Since all the populations of louseworts in New Brunswick are seriously declining and two of the three populations will probably soon disappear, the status of endangered is all the more strengthened.
Pat O'Brien and Fred Tribe provided the count for the Nature Trust site as well as information on the railroad embankment site. Dr. C. Mary Young , Dr. James Goltz and George Henry Flanders helped with proofreading. Funding provided by the Canadian Wildlife Service, Environment Canada.
Day, R. 1983. A survey and census of the endangered Furbish Lousewort, Pedicularis furbishiae, in New Brunswick. Canadian Field-Naturalist 97:325-327.
Drummond, S. 1987. The 1987 Furbish's Lousewort Count. Report, NBDNRE.
Gawler, S.C., Waller, D.M. & Menges, E.S. 1987. Environmental factors affecting the establishment and growth of Pedicularis furbishiae, a rare endemic of the St. John River Valley, Maine. Bulletin of the Torrey Botanical Club 114:280-292.
Grime, J.P. 1979. Plant strategies and vegetation processes. John Wiley and Sons, Toronto, 222 pp.
Macior, L.W. 1980. The population biology of Furbish's Lousewort. Rhodora 82:105-111.
Menges, Eric S. 1988. Conservation biology of Furbish's Lousewort. Report No. 126, Holcomb Research Institute, Butler University, Indianapolis, Indiana.

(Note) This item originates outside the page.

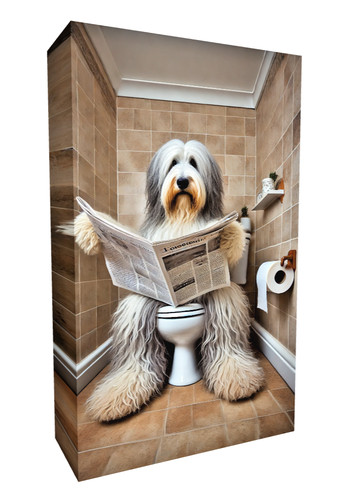 Bearded collie toilet - collie,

Stirrett, George M. 1980. Status report on Endangered Wildlife in Canada: Furbish's Lousewort. Unpublished report, Committee on the Status of Endangered Wildlife in Canada.
Harold R. Hinds has a B.Sc. and MSc. in biology. He is author of the Flora of New Brunswick and numerous publications dealing with botanical subjects. He is founder of the Nature Trust of New Brunswick and has conducted many natural area surveys for the Trust and other agencies. He is a scientific advisor for Nature Conservancy Canada. Hal is Senior Teaching Associate Emeritus and was employed by the University of New Brunswick before his retirement in 1997. He continues to serve as curator of the UNB Biology Department's Connell Memorial Herbarium and his own specimens have increased the herbarium holdings by 11,350 specimens. He is an authority on the plants of New Brunswick and on natural area preservation. Hal has previously written the COSEWIC status report on the Bathurst saltmarsh Aster Aster subulatus var. obtusifolius.